# Cheap flights to England



## Tara Thomson (Apr 22, 2008)

I have just been looking at flights back to Engalnd this summer and have noticed that Jet2.com have started flying from Paphos into Leeds Bradford Airport on Wednesdays and Fridays. I have flown with Jet2.com before on some of thier chartered services and they have been prompt, reliable and the staff are really friendly.

I would recommend them to anyone looking for flights into the North of England, and the best thing is that they are really reasonably priced!

Tara


----------



## Big Pete (Aug 7, 2007)

Tara Thomson said:


> I have just been looking at flights back to Engalnd this summer and have noticed that Jet2.com have started flying from Paphos into Leeds Bradford Airport on Wednesdays and Fridays.

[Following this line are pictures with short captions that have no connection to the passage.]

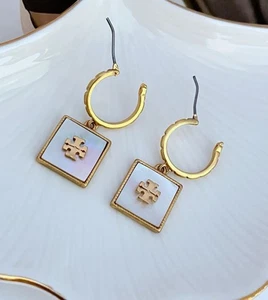 TORY BURCH Enamel Square earrings🤍💛 - Picture 1 of 4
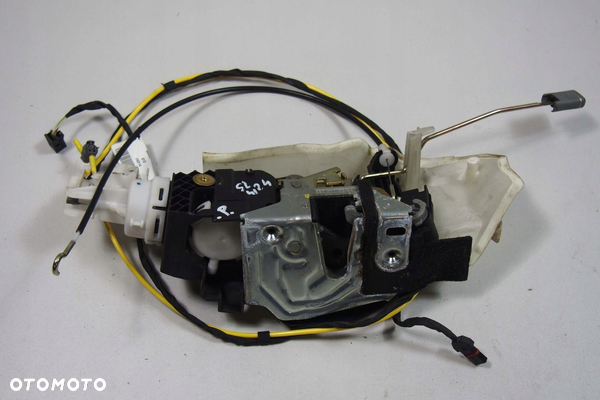 ZAMEK DRZWI PRAWYCH PRAWY A2307200635 KEYLESS GO MERCEDES SL R230 EUROPA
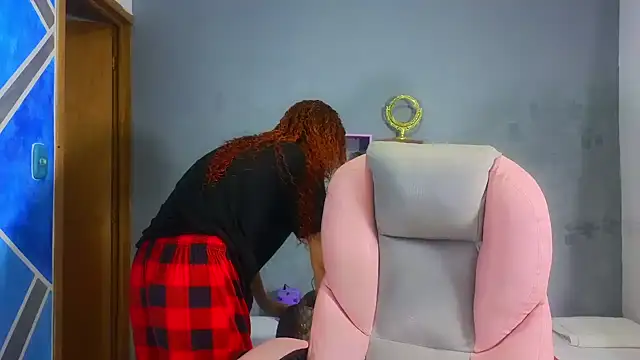 SexyLeilaa online show from 02-07-25, 12:42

I have flown with Jet2.com before on some of thier chartered services and they have been prompt, reliable and the staff are really friendly.
> 
> I would recommend them to anyone looking for flights into the North of England, and the best thing is that they are really reasonably priced!
> 
> Tara


 nothing like subtleness


----------



## Sidney Harberbridge (Apr 25, 2008)

I've just had a look at their timetable, what great timings and the Plus service is great for Mrs H, who's a bit snobby about low cost airlines - no more club class to Larnaca for her!


----------